Depois da consola — modo Bridge
Com o tenant em Bridge, na consola já definiste o Endpoint bridge e o Segredo HMAC. Fluxo resumido:
- O utilizador inicia o login OAuth na Auth21.
- A Auth21 redirecciona o browser para o teu Endpoint bridge com
request_idereturn_to(URL do serviço Auth21 onde deves enviar o resultado).
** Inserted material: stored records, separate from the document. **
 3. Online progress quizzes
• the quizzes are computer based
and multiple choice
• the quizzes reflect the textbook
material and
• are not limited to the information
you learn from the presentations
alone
Para o utilizador continuar no telemóvel sem criares página própria, usaISSUER/mobile-handoff?token=+ o mesmorequest_id(ver secção Hosted — Telemóvel). - No teu site, autenticas o utilizador como já fazes hoje.
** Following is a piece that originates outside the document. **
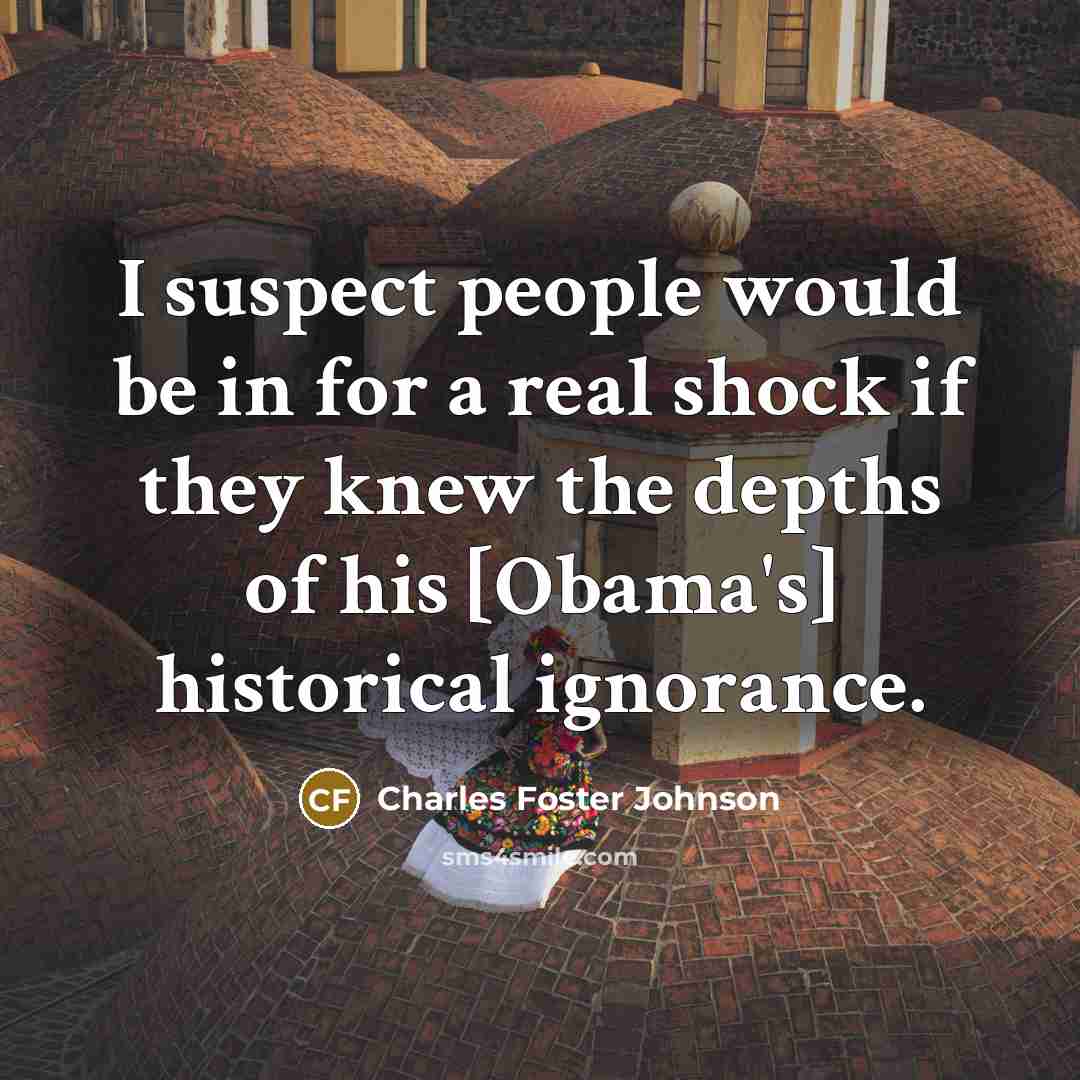 “I suspect people would be in for a real shock…” quote by Charles Foster Johnson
- O teu servidor monta o JSON de identidade, codifica em Base64, calcula a assinatura HMAC-SHA256 em hex minúsculas sobre a mesma string Base64 que envias no parâmetro
payload. - Redireccionas o browser para
return_tocomrequest_id,payloadesignature(ou equivalente em POST, conforme a tua implementação).
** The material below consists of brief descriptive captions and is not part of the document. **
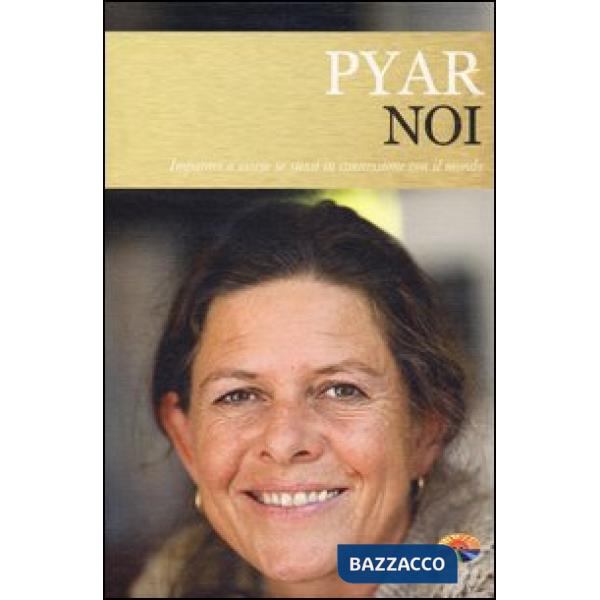 Noi. Imparare a essere noi stessi in connessione con il mondo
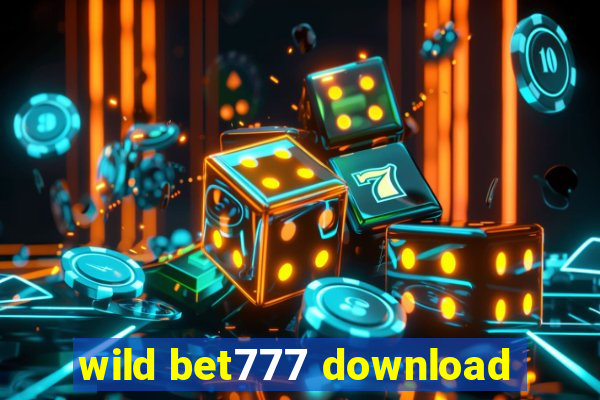 wild bet777 download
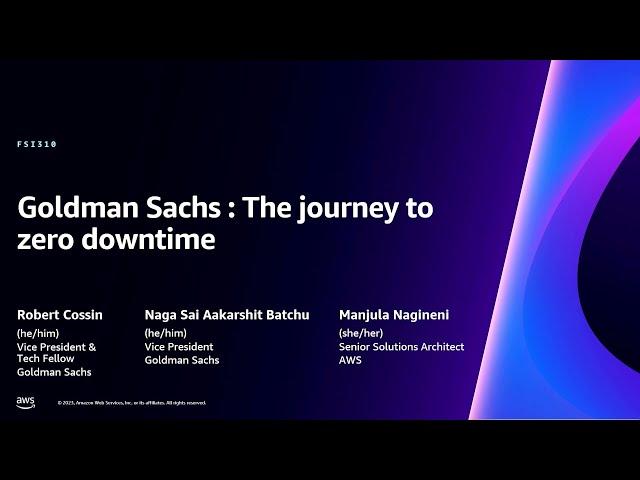 AWS re:Invent 2023 - Goldman Sachs: The journey to zero downtime (FSI310)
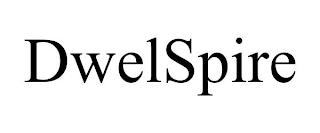 DWELSPIRE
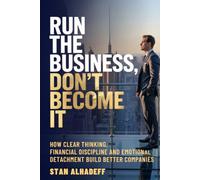 Run The Business, Don't Become It: How Clear Thinking, Financial Discipline and Emotional Detachment Build Better Companies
Exemplo completo (Node.js)
Adapta à tua framework; o essencial é o cálculo de payload + signature e o redirect final.
import crypto from 'crypto';
import 'dotenv/config';
const BRIDGE_SECRET = process.env.AUTH21_BRIDGE_HMAC_SECRET;
export function buildAuth21BridgeRedirect(requestId, returnToUrl, user) {
const payloadObj = {
timestamp: Math.floor(Date.now() / 1000),
email: user.email,
user_id: user.id,
name: user.name,
};
const payloadJson = JSON.stringify(payloadObj);
const payloadB64 = Buffer.from(payloadJson, 'utf8').toString('base64');
const signature = crypto
.createHmac('sha256', BRIDGE_SECRET)
.update(payloadB64, 'utf8')
.digest('hex');
const url = new URL(returnToUrl);
url.searchParams.set('request_id', requestId);
url.searchParams.set('payload', payloadB64);
url.searchParams.set('signature', signature);
return url.toString();
}
// Depois de autenticares o utilizador no teu /auth21-bridge:
// const target = buildAuth21BridgeRedirect(req.query.request_id, req.query.return_to, currentUser);
// res.redirect(302, target);
SDK no browser
O ficheiro auth21.js deve ser carregado a partir da mesma origem pública da tua Auth21: <script src="ISSUER/sdk/auth21.js"></script>. O endpoint de token não aceita chamadas directas do browser com segredo — por isso o callback envia os dados ao teu servidor, como nas secções acima.
Referência — contrato Bridge (HMAC)
Detalhe técnico do callback para validares a tua implementação (independente da linguagem).
Parâmetros enviados à Auth21
| Parâmetro | Obrigatório | Descrição |
|---|---|---|
request_id | sim | O mesmo que recebeste no redirect para o teu endpoint bridge. |
payload | sim | Base64 (UTF-8) do JSON de identidade, sem campo signature dentro do JSON. |
signature | sim | Hex minúsculas: HMAC-SHA256 do valor exacto da string Base64 em payload, com o segredo da consola. |
Em Node: crypto.createHmac('sha256', BRIDGE_SECRET).update(payloadB64, 'utf8').digest('hex').
Campos do JSON (antes de Base64)
| Campo | Obrigatório | Notas |
|---|---|---|
timestamp | sim | Unix em segundos; tolerância típica ±300 s face ao servidor Auth21. |
email | sim | Email válido. |
user_id / sub | condicional | Identificador estável; sub tem prioridade se existir. |
tenant, name, picture, apps, roles, permissions, device_id | não | Metadados opcionais repassados nos tokens. |
Exemplo de payload
{
"timestamp": 1712345678,
"email": "user@empresa.com",
"user_id": "ext_8821",
"apps": ["erp", "portal"],
"roles": ["staff"],
"permissions": ["read", "write"]
}
Erros frequentes
- Assinar o JSON em texto claro em vez da string Base64 enviada em
payload. timestampfora da janela permitida.- Segredo HMAC diferente entre a consola e o teu servidor.